Hmm... I wanted to listen, but the link brought up some strange Walmart Fedex spam page, which then attacked me with popups after closing it?


----------



## Alex W (Apr 9, 2005)

josejherring said:


> And I talked to an acting buddy of mine who said that he's actually a wonderful actor.
> Jose



He's not bad. He did a pretty good job in "Life as a house" I think, but what let AOTC in particular down was the script. I can't remember the exact lines (Sid - can you help me out here?  ) but there's a romantic little bit where Anakin tells Padme that she has "beautiful smooth skin, not rough like sand." Or whatever it was... either way it was bloody terrible.

Also, towards the end of AOTC, Padme falls out of a flying ship (at speed) and tumbles down a big sand dune. She's moaning and groaning on the ground in pain, then 2 seconds later a clone bloke walks up to her. He asks if she's alright and she just jumps up straight away, says "yes" in a robotic monotone and they both run off. I distinctly remember laughing at this point, along with over half of the packed out cinema that I was in. :lol:

wtf mate?!


----------



## Niah (Apr 9, 2005)

All the prequels suck. 
I remember watching The Phantom Menace and thinking "boy, I sure hope the next episodes are a lot better than this". Then The Attack of The Clones come out and now I think that maybe Phantom Menace wasn't so bad after all. 
I mean Qui-Gon Jinn character was pretty cool, and who can forget that fight between Obi-Wan Kenobi vs Darth Maul? Classic.
Still, the original trilogy can't be match and specially with the new episodes looking more like video-games than films.

Anyway, it's still fun because you get a new soundtrack album.

And yes my favorite cue is luke vs vader in return of the jedi. Have to agree with everyone, breathtaking scene.


----------



## José Herring (Apr 9, 2005)

I guess the most dissapointing thing about the second prequil is that the movie had potential. It had real potential to be a great flick.

I agree that the script was flawed. I remember the scene with the cloan making aliens where kenobi is trying to make a deal with the blokes. I just remember thinking, "these are our mighty Jedi? They can't even B.S. their way through a lousy meeting!" Made our heros look like bafoons. Not cool in my book.

Jose


----------



## Stephen Rees (Apr 10, 2005)

Not mentioned so far, but my two favourite cues in the series are 'The Asteroid Field' in TESB and 'The Forest Battle' in ROTJ. I think those cues have more notes in them than all the cues that most other scores have put together he he.

Steve


----------



## José Herring (Apr 10, 2005)

Trev Parks said:


> The only thing I'm not sure about is Luke's theme linking into the end credits. It just hops rather crudely from Gmin to Eb Major. In A New Hope and The Empire Strikes Back, the final music sweeps into the main theme gloriously and I was hoping for a similar elegant transition here. It could just be me but the end credit music does sound slower than normal which costs it a bit of punch.

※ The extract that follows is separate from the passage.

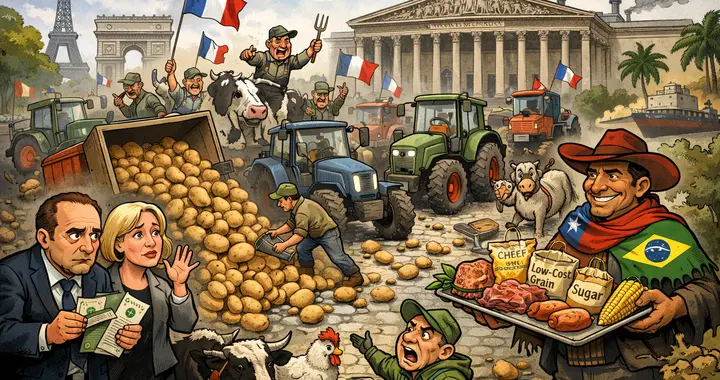 法国农民抗议：350辆拖拉机停在巴黎国民议会大厦前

I don't know if you wrote this just to find something to criticize or what. But for crying out loud Gmin and Eb are the same key!! What hop?

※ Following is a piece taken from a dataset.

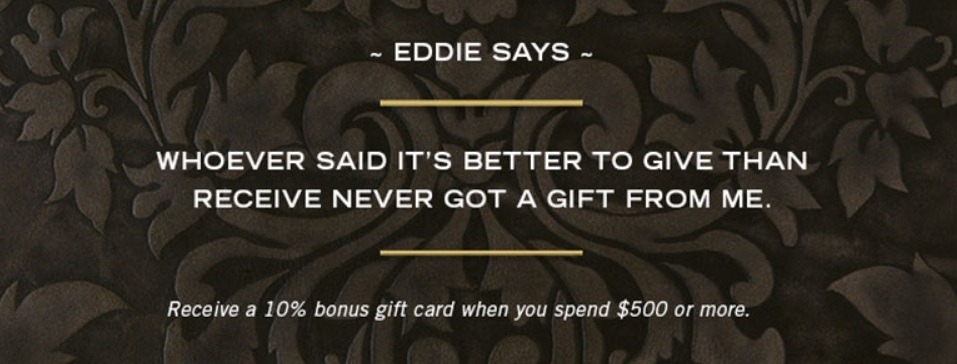 Eddie V's Gift Card Promotion: 10% Off $500 Purchase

If we start getting offended by modulations between two chords in the same diatonic scale there's not much left in music that we can do.

Jose


----------



## Simon Ravn (Apr 10, 2005)

Alex W said:


> josejherring said:
> 
> 
> > And I talked to an acting buddy of mine who said that he's actually a wonderful actor.
> ...



Oh yes - me too. That was pure "The A-Team" or taken out of an old Star Trek TV series. Really bad - typically Lucas these days


----------



## Evan Gamble (Apr 10, 2005)

is it legal to have the whole score for dowload? :?:
Either way its awesome and it sparked me to watch the original movies again, I wonder what it would be like for a kid to to see the star wars movies for the first time straight through?
I mean I grew up with them so I dont remember being surprised when I found out Vader was Lukes father...


----------



## Trev Parks (Apr 10, 2005)

josejherring said:


> I don't know if you wrote this just to find something to criticize or what. But for crying out loud Gmin and Eb are the same key!! What hop?
> 
> If we start getting offended by modulations between two chords in the same diatonic scale there's not much left in music that we can do.
> 
> Jose



EDIT: scrap what I'd written. It reads as patronising, which I don't mean to be.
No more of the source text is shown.